Terry Bozzio earned his drumming stripes years ago with Zappa and Jeff Beck and had 15 minutes of ;'80s pop fame with Missing Persons. One might think that Bozzio, in his 50s, would be in the victory lap phase of his career by now. Instead, he’s one of the few prog/fusion veterans to be doing music now which is more experimental than what he was playing back in the day. Since the late '80s, Bozzio has been hitting the stage alone with drumkits large enough to put him in the running for the Guinness book, and doing everything he can to show audiences that these contraptions can produce music, not just primal pounding fests.

On Chamber Works, Bozzio matches one of those massive kits with the forces of a rock-flavored chamber ensemble. Chamber Works is something of a companion piece to last year’s The Universe Will Provide, in which fellow Zappa veteran Mike Keneally joined forces with the same group for the same label. Like Keneally, Bozzio makes no bones about his continuing reverence for Zappa. But while Keneally’s disc recalled Zappa’s love of absurd juxtapositions and heavy guitars, Bozzio’s writing is in more of what his onetime employer might have called a “strictly genteel” vein. Note-heavy runs and jagged, exclamatory melodies abound, but the moods Bozzio evokes are deep and sometimes outright lush.

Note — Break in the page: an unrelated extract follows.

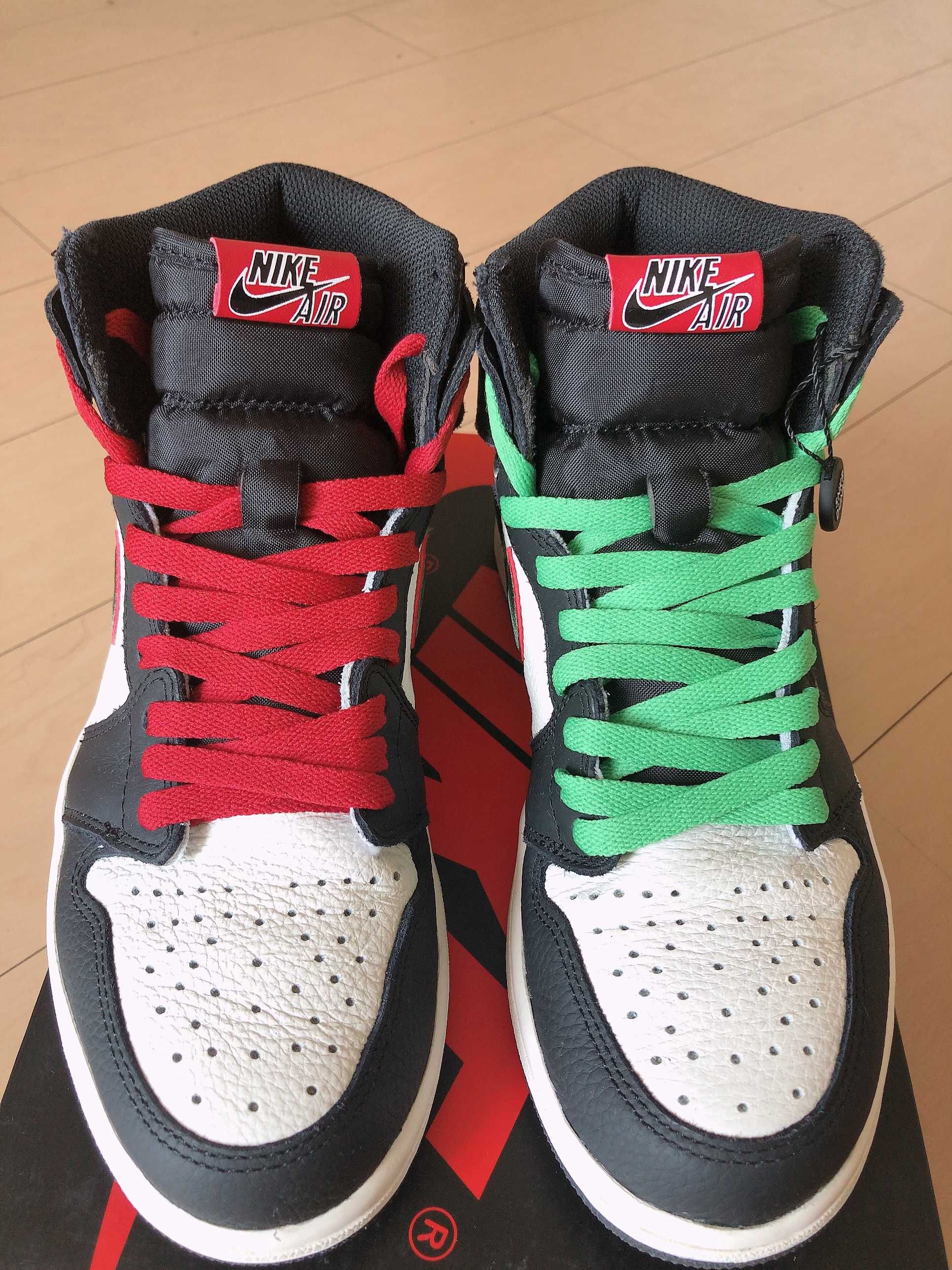 Nike Air Jordan 1 Retro High OG "Sports Illustrated"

Bozzio had some help (Martin Fondse gets orchestration credit), but it’s clear in the opening “Five Movements For Drum Set And Orchestra” that the musical inspiration flows from Bozzio’s drum solo methods. The lower regions of the ensemble mimic the ostinato patterns from Bozzio’s bass drums and lower toms, while his higher-pitched drums and cymbals trade off melody duties with Metropole’s woodwinds, strings and brass. “Opus One: Self-Portrait With Scar” makes the drums less prominent, but taps a similar musical vein, with a memorable middle section in which another set of ostinato patterns suggests a more elaborate variation on minimalism.

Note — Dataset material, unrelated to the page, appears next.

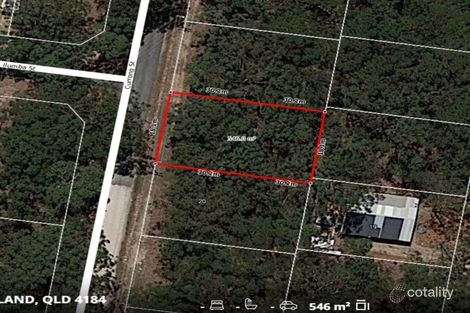 Property photo of 18 Currong Street Russell Island QLD 4184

Admittedly, it’s best for listeners to develop a working knowledge of Zappa, not to mention Var and Stravinsky, before spending time getting to know Bozzio’s Chamber Works. Give him credit, though, for producing a CD which not only shows new possibilities in musical drumming but has things to offer non-drummers as well; Chamber Works shows that Bozzio’s ability to craft melodies and chord sequences is almost in a league with his independence and stick control.